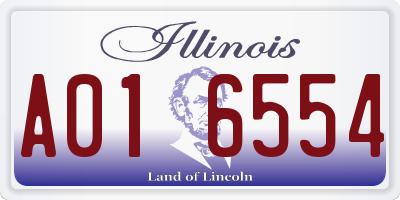 IL license plate A016554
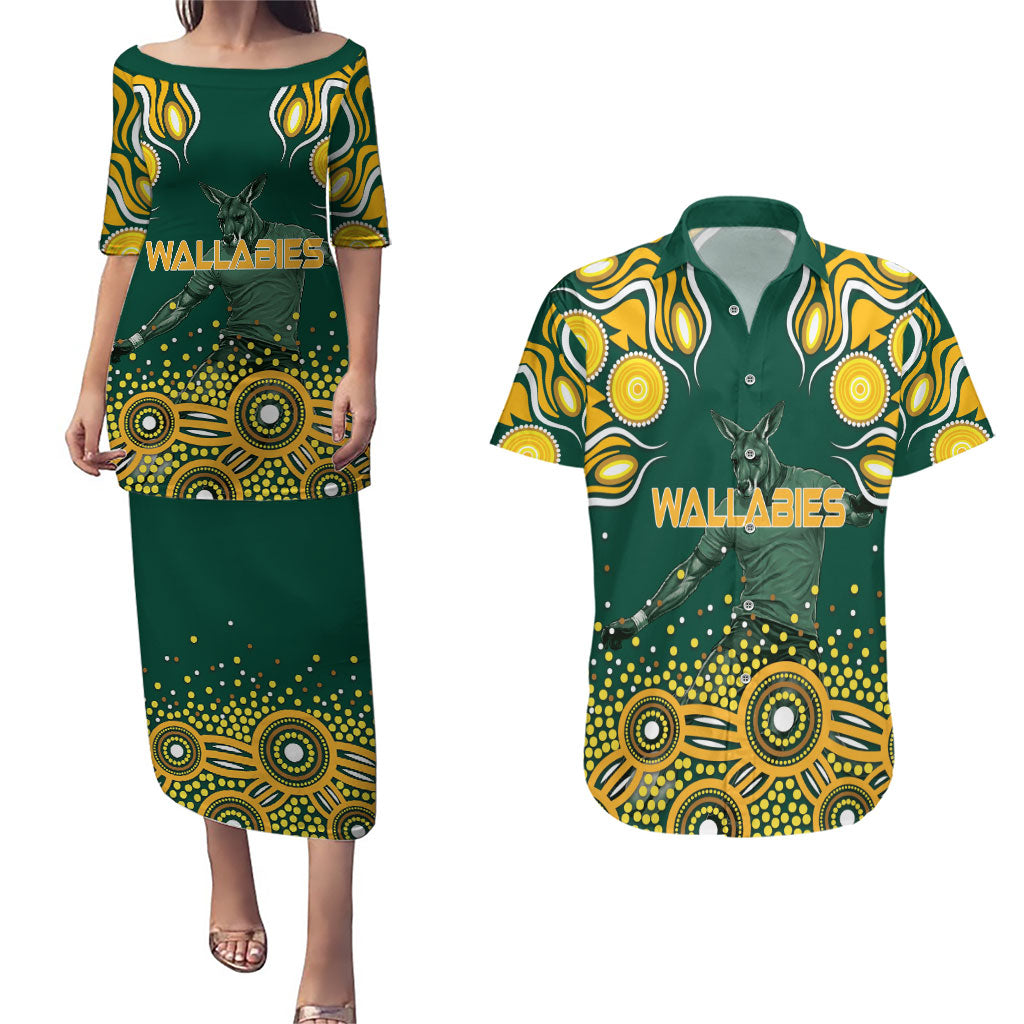 Australia Wallabies Couples Matching Puletasi and Hawaiian Shirt Aboriginal Rugby Kangaroo Mascot - Gold And Green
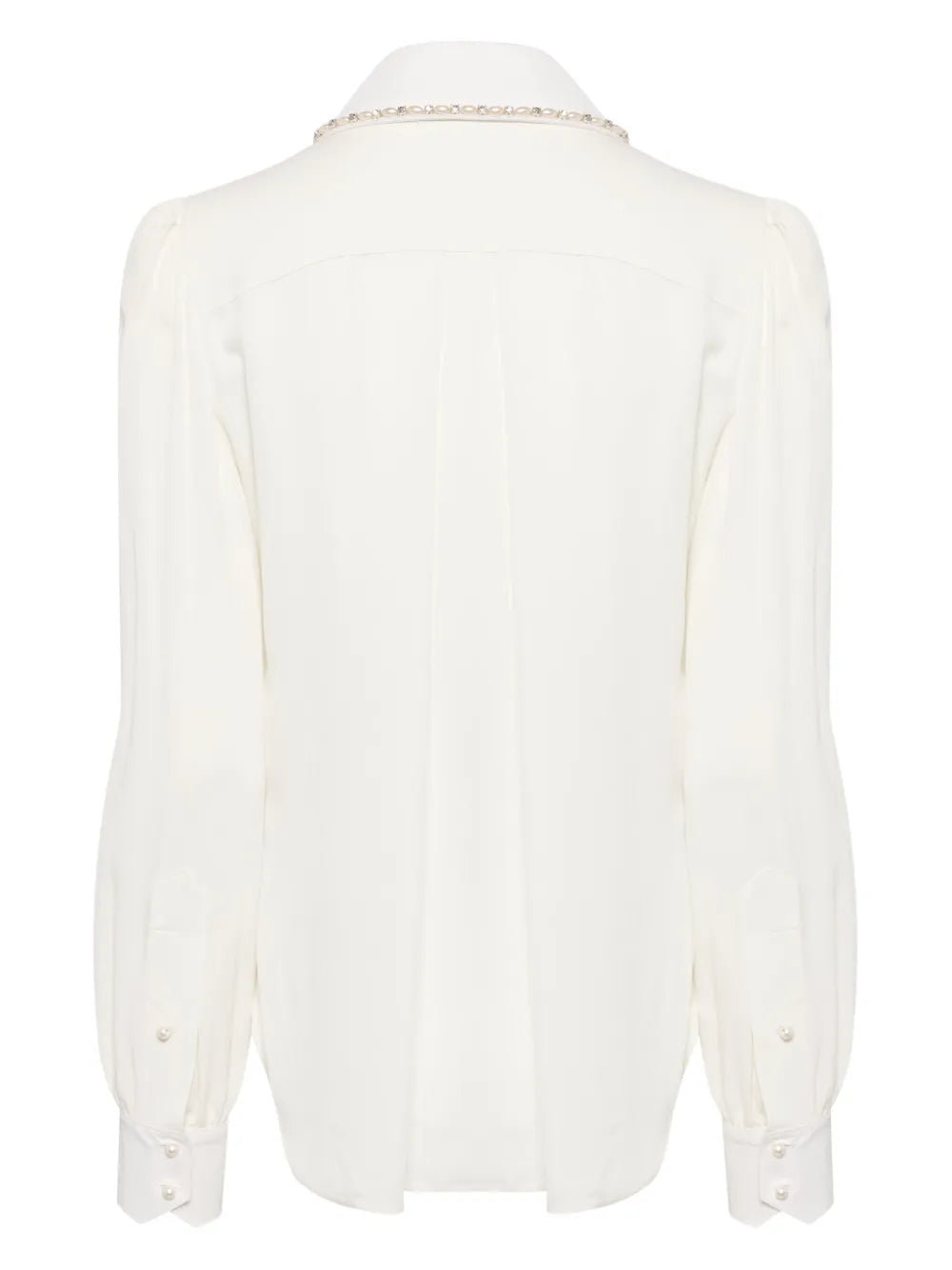 Pearl Beaded Collar Silk Shirt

▬▬▬▬▬▬▬▬▬▬

The problem:
Your answer must be an exact copy of the lines above, from the line that contains "Australia Wallabies Couples" through the final line, with no pictures in it.

Result of this exercise:
 Australia Wallabies Couples Matching Puletasi and Hawaiian Shirt Aboriginal Rugby Kangaroo Mascot - Gold And Green
 Pearl Beaded Collar Silk Shirt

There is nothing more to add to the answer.